+++ Exercise material +++

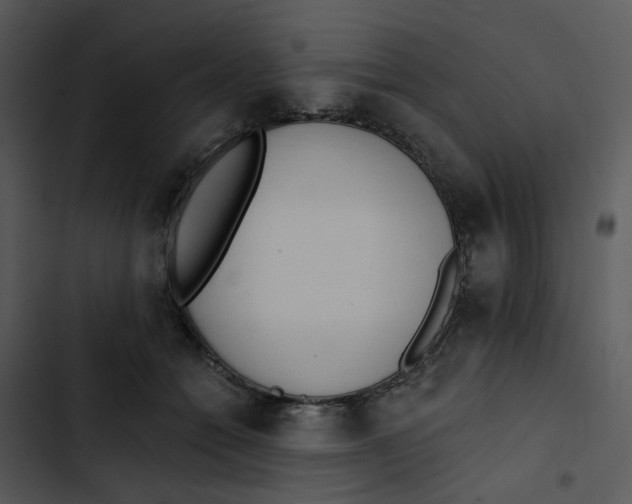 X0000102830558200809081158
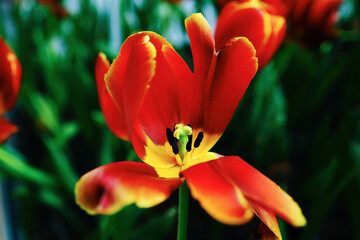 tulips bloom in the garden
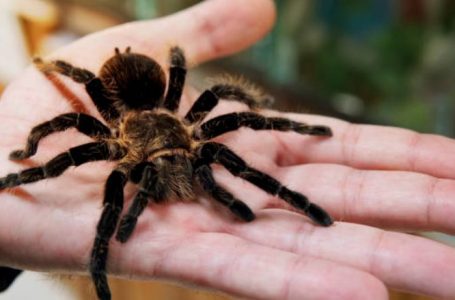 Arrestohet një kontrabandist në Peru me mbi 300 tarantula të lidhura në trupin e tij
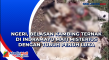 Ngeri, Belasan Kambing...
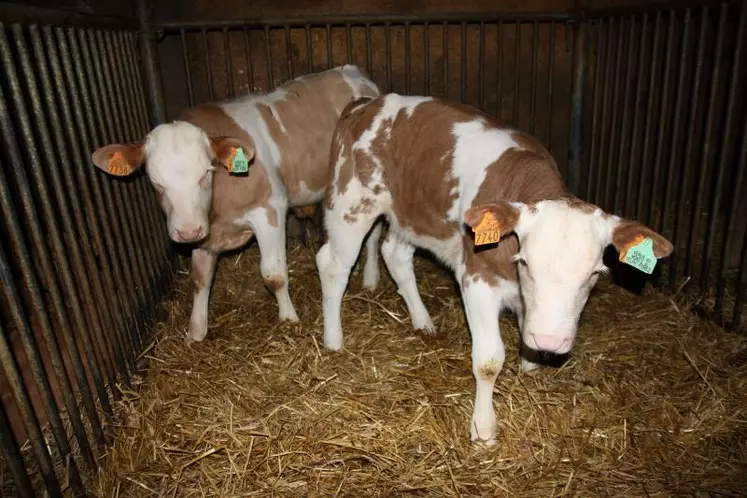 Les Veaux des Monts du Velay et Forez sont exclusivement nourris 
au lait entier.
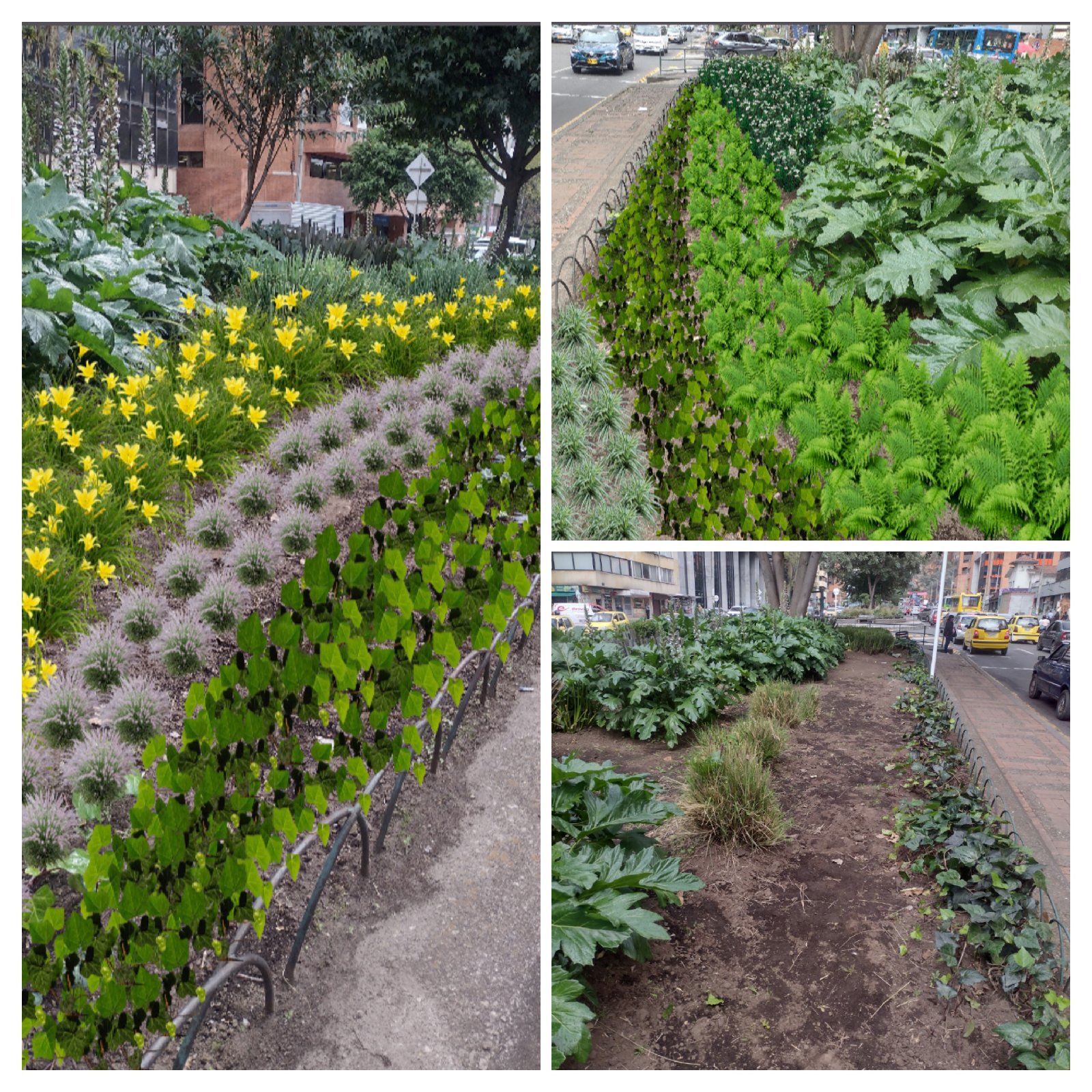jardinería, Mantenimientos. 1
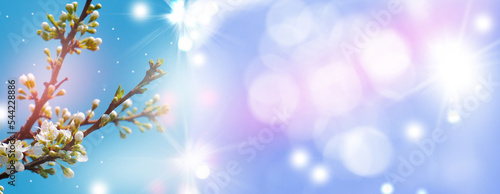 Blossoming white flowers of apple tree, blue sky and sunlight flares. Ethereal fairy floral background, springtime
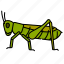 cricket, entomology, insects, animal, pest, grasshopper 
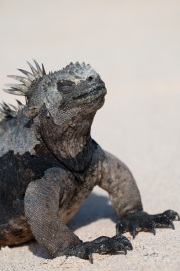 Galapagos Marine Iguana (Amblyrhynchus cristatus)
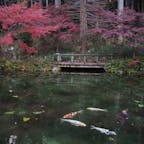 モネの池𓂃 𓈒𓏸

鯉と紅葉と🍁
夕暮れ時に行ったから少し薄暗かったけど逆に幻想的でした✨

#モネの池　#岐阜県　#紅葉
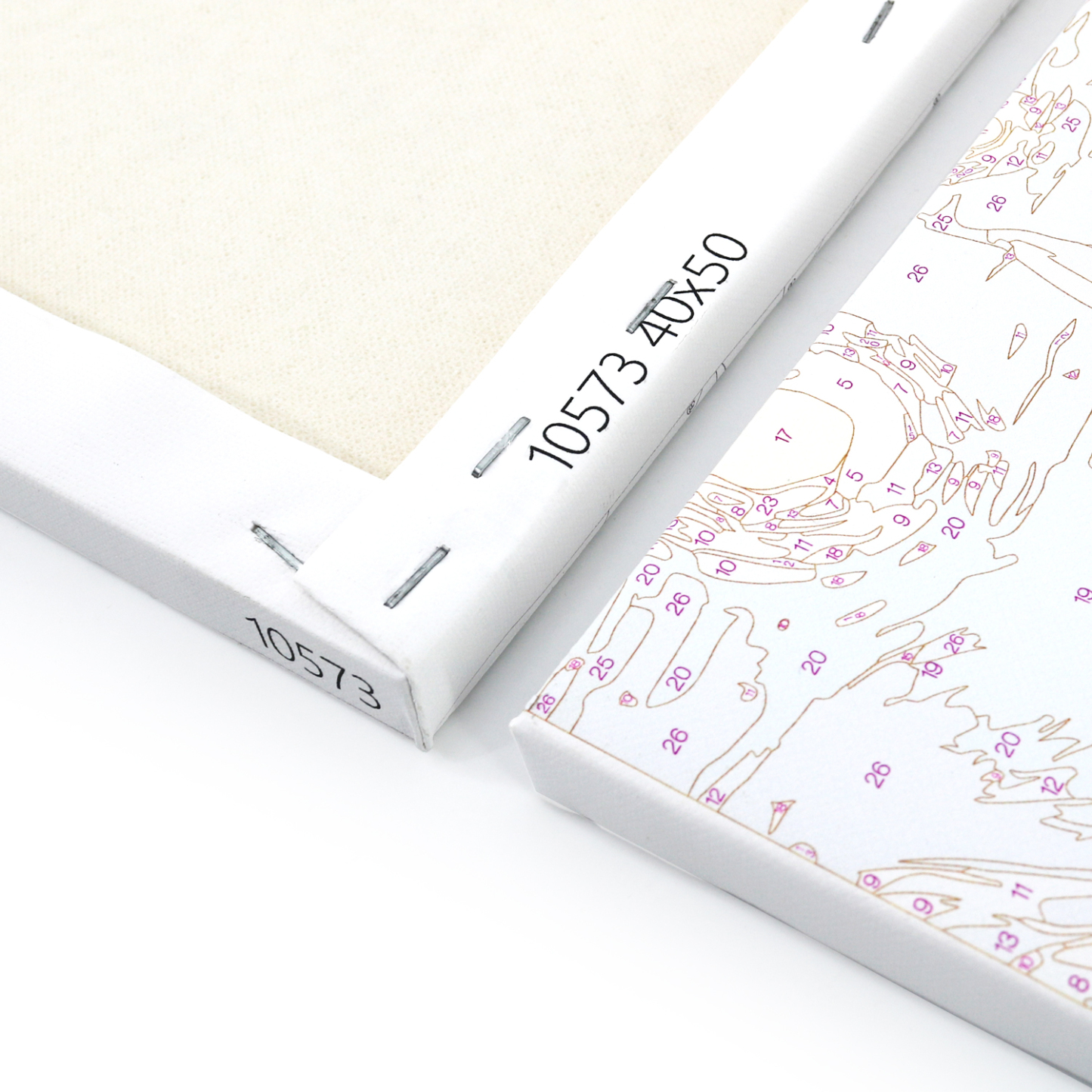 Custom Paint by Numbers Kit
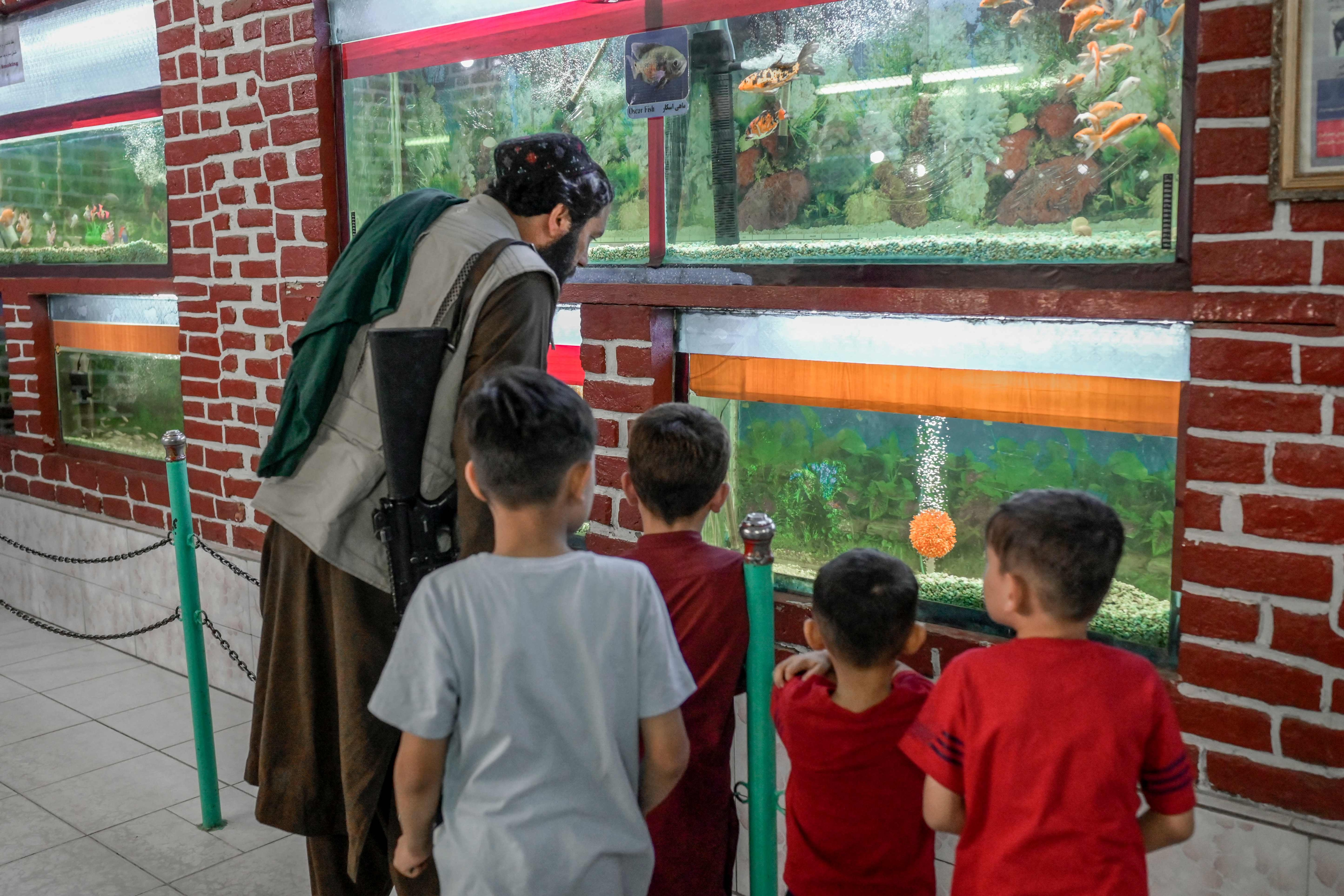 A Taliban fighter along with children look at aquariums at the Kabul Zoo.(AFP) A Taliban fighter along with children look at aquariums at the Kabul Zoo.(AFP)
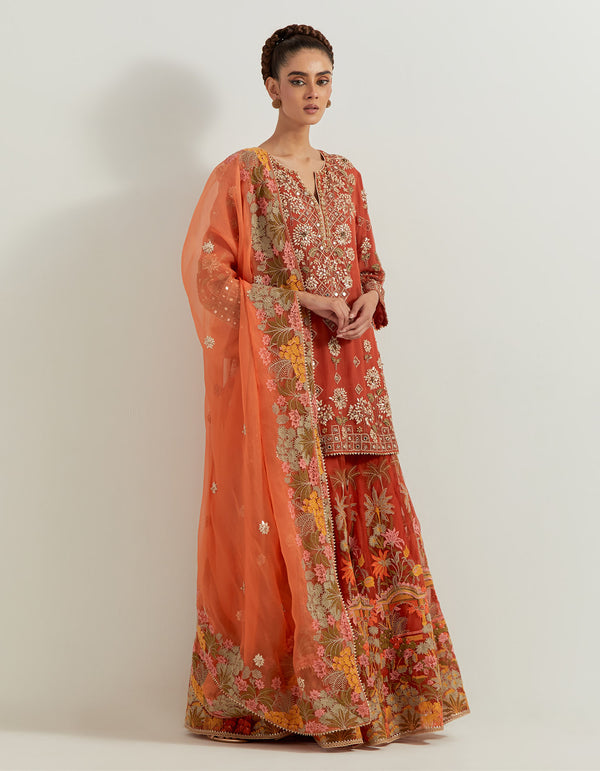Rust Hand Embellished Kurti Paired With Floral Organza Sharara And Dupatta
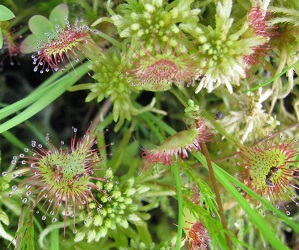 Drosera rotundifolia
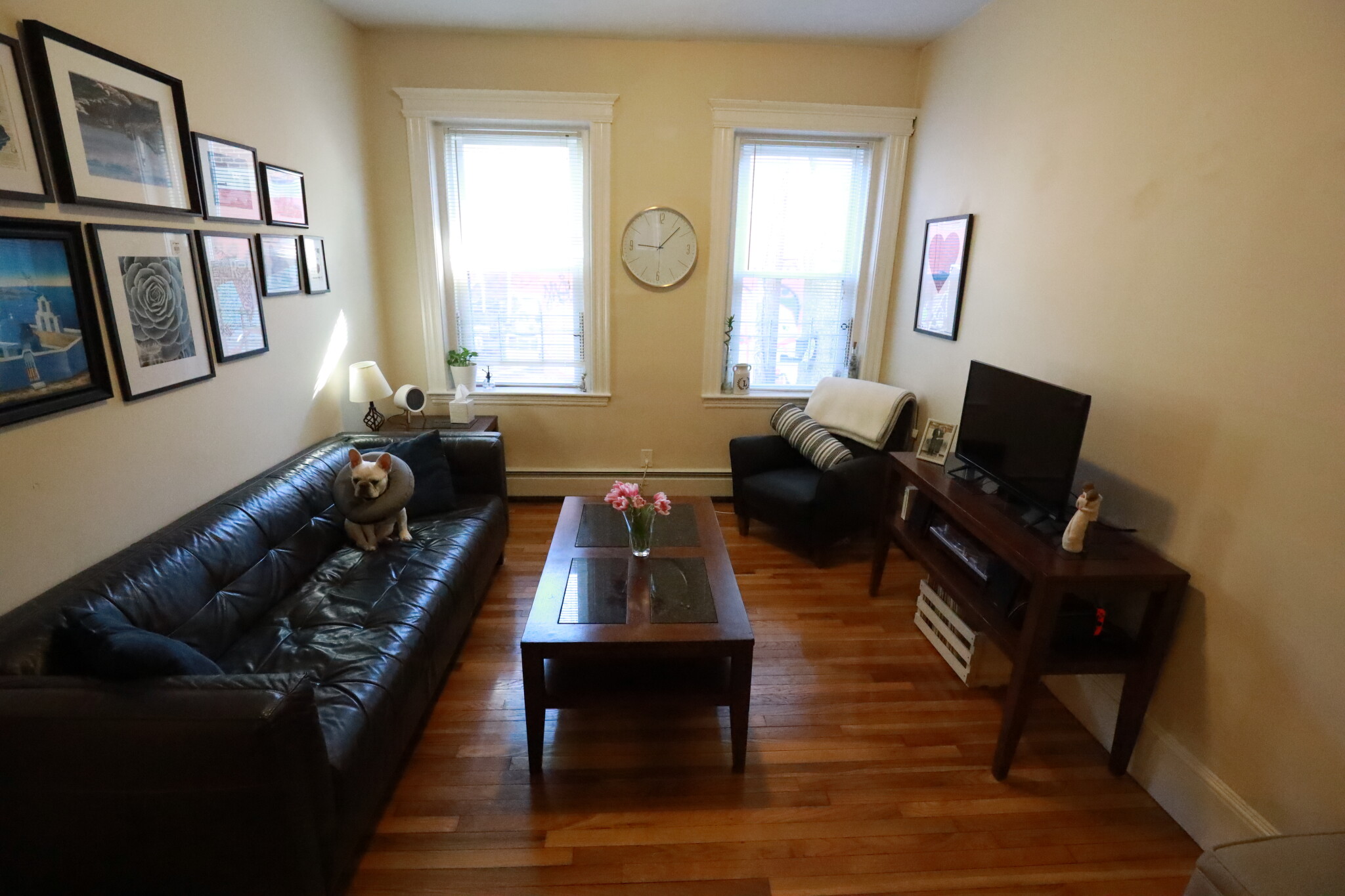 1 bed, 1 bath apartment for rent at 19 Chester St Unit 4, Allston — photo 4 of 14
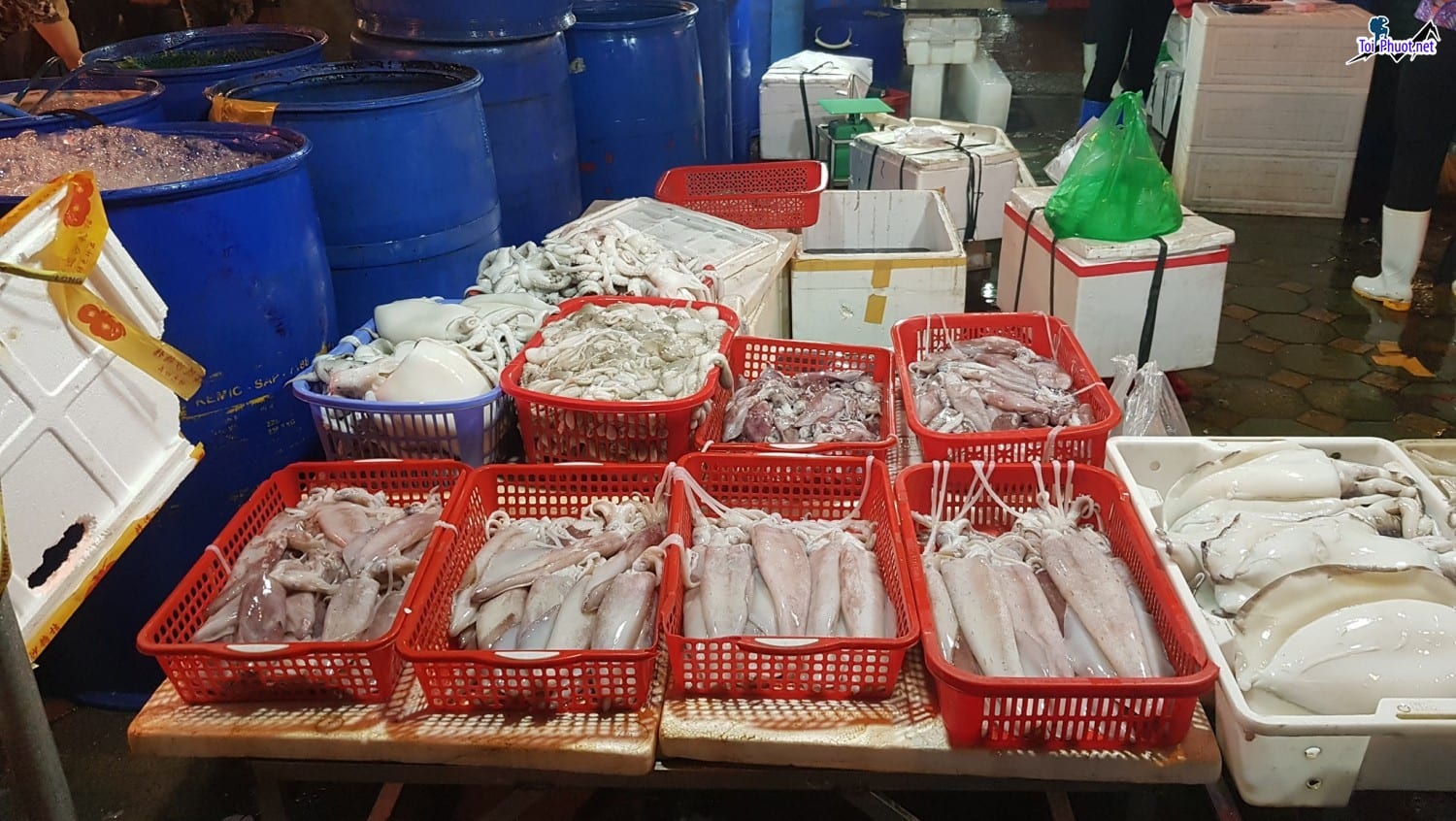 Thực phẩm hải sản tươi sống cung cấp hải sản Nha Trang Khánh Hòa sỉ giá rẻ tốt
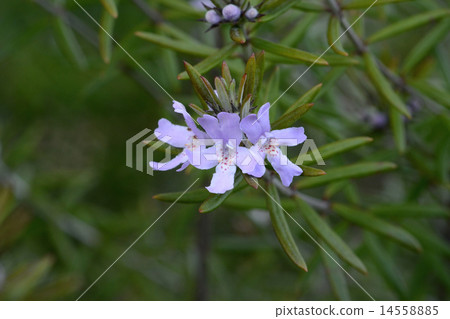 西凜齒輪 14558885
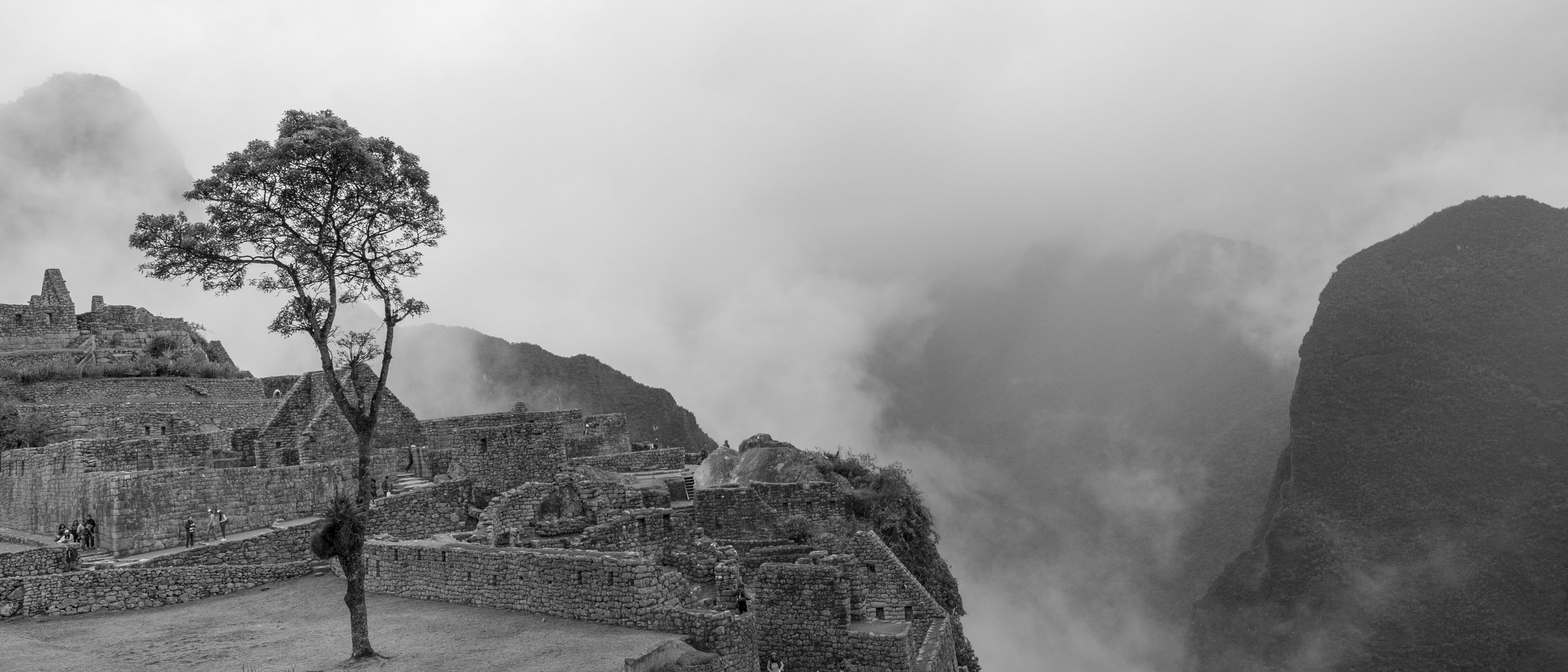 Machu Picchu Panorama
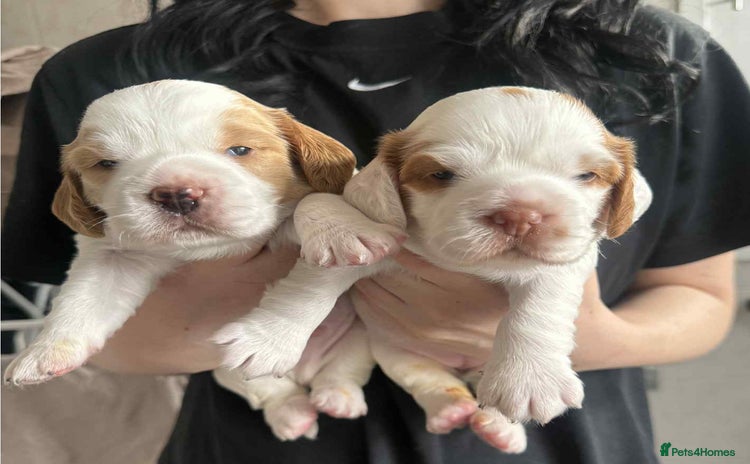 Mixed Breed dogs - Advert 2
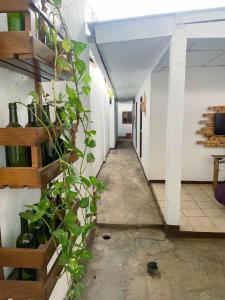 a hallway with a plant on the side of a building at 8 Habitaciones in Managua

+++

*What is needed:* Copy the material above word for word, images excluded.

*Response for this exercise:*
 X0000102830558200809081158
 tulips bloom in the garden
 Arrestohet një kontrabandist në Peru me mbi 300 tarantula të lidhura në trupin e tij
 Ngeri, Belasan Kambing...
 Les Veaux des Monts du Velay et Forez sont exclusivement nourris 
au lait entier.
jardinería, Mantenimientos. 1
 Blossoming white flowers of apple tree, blue sky and sunlight flares. Ethereal fairy floral background, springtime
 cricket, entomology, insects, animal, pest, grasshopper 
 Galapagos Marine Iguana (Amblyrhynchus cristatus)
 モネの池𓂃 𓈒𓏸

鯉と紅葉と🍁
夕暮れ時に行ったから少し薄暗かったけど逆に幻想的でした✨

#モネの池　#岐阜県　#紅葉
 Custom Paint by Numbers Kit
 A Taliban fighter along with children look at aquariums at the Kabul Zoo.(AFP) A Taliban fighter along with children look at aquariums at the Kabul Zoo.(AFP)
Rust Hand Embellished Kurti Paired With Floral Organza Sharara And Dupatta
 Drosera rotundifolia
 1 bed, 1 bath apartment for rent at 19 Chester St Unit 4, Allston — photo 4 of 14
 Thực phẩm hải sản tươi sống cung cấp hải sản Nha Trang Khánh Hòa sỉ giá rẻ tốt
 西凜齒輪 14558885
 Machu Picchu Panorama
 Mixed Breed dogs - Advert 2
 a hallway with a plant on the side of a building at 8 Habitaciones in Managua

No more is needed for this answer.